Later in the afternoon the Magic bus took us into Rotorua with just enough time for a quick dip in our hostel’s hot pool before changing and heading out to the Tamaki Maori village for a cultural evening. The Tamaki put on an impressive show of traditional song and dance, but unfortunately the educational part of the evening was rather short, and outside in the freezing cold, which meant I didn’t enjoy it as much as the Mitai cultural performance I attended last time. On the other hand, since this is the show promoted by the main backpacker tour operators, our table for dinner was mostly other backpackers and the company was good.

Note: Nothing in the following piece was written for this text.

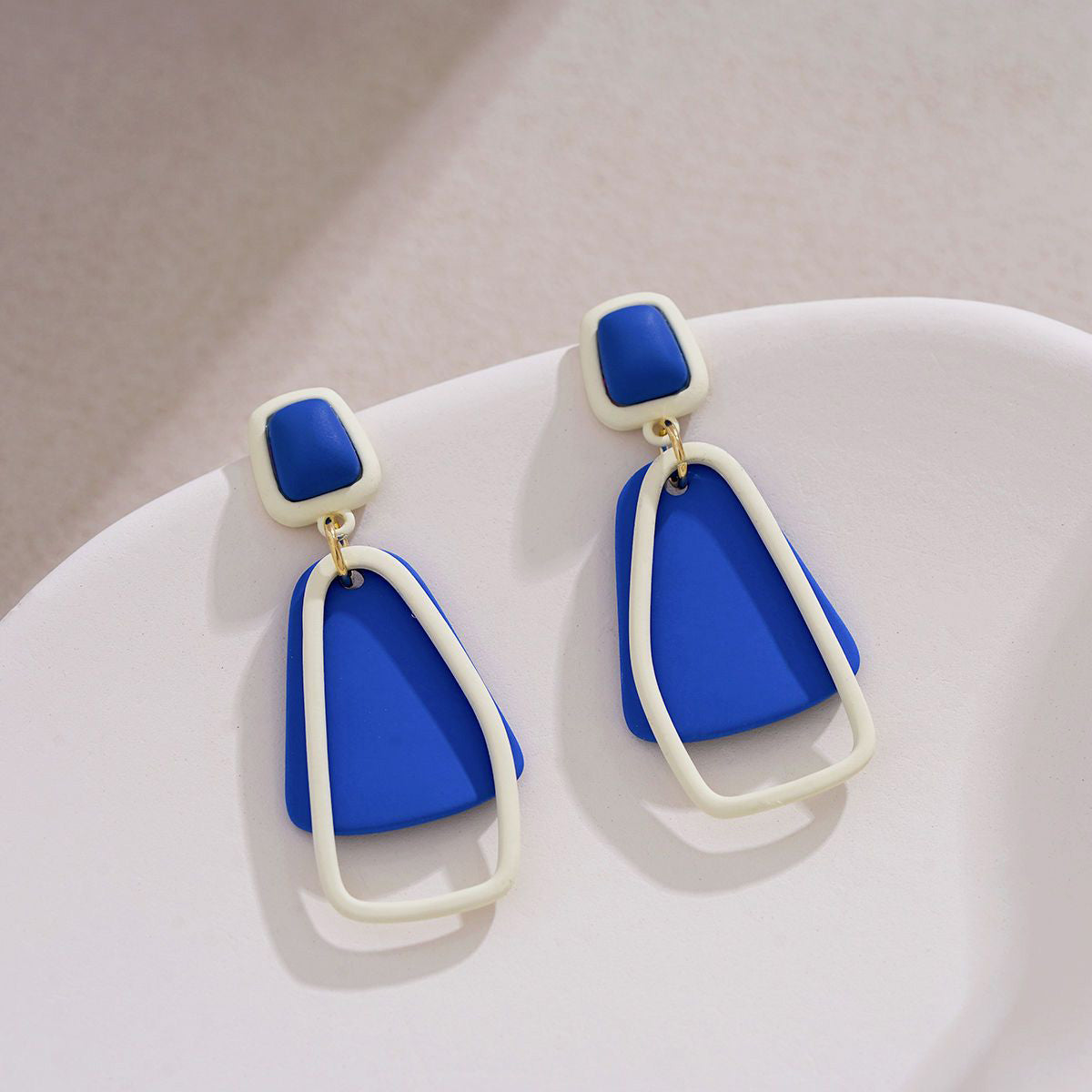 Klein Blue Earrings Special Design Earrings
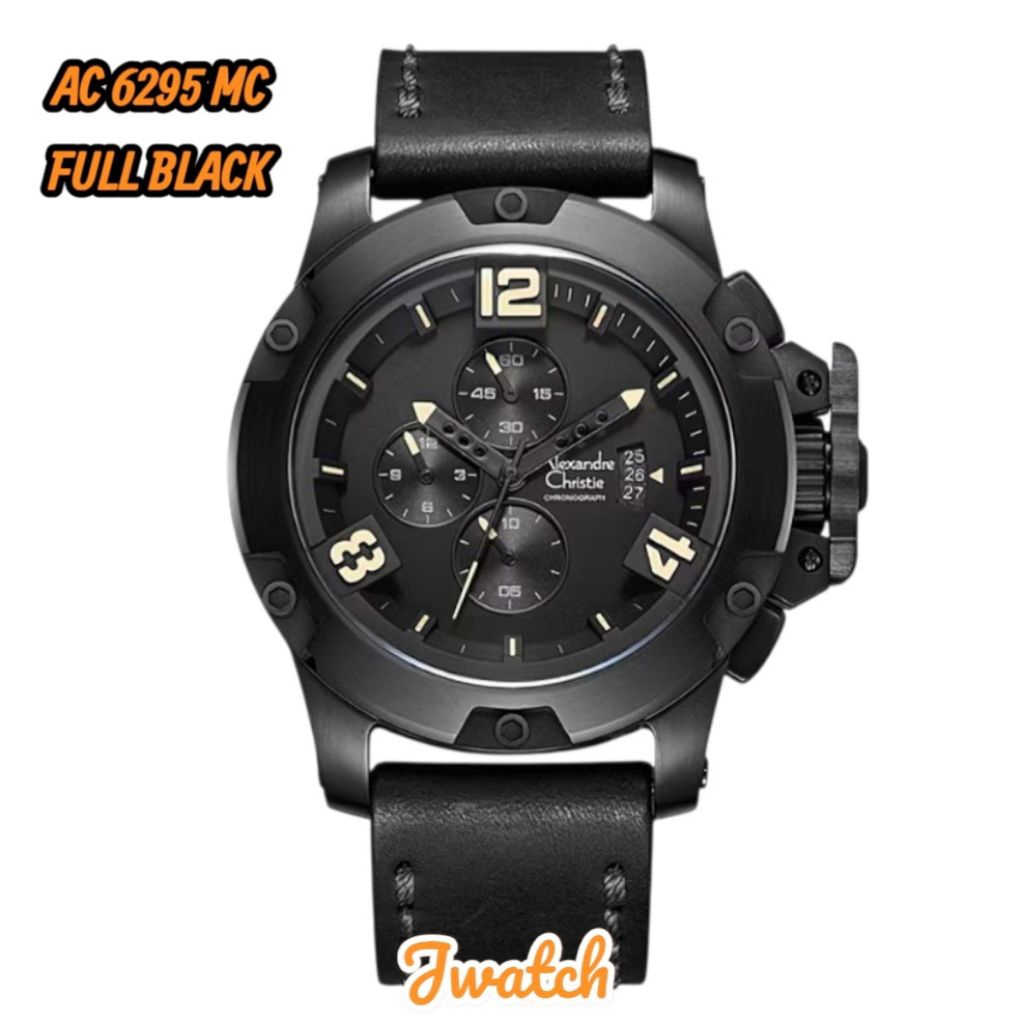 Jam Tangan Pria ALEXANDRE CHRISTIE 6295 MC FULL BLACK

The next morning the bus driver gave us a quick tour of Rotorua which we would have otherwise missed. Because of all the geothermal springs, it seems it was originally founded as NZ’s first spa town and has some really attractive formal gardens and Edwardian buildings in a lake-side setting—a lovely place except for the constant and pungent sulphur smell. 🙁
Heading out of town we saw the Lady Knox Geyser and then Wai-o-tapu thermal wonderland. Previously I had found these rather dull and uninspiring, but coming from the north the weird landscape made a enjoyable and fascinating change from the green rolling hills which had become somewhat monotonous, and in the sunshine the greens, reds and pinks of the volcanic pools were vivid and shocking. I think it also helped that we limited ourselves to only the main 50 min walking track instead of attempting the full 75 min walk as it meant we escaped the sulphuric stench just as our stomaches began to rebel. After a “not as good as last time” experience the night before, it was great to find something I was glad to have re-visited!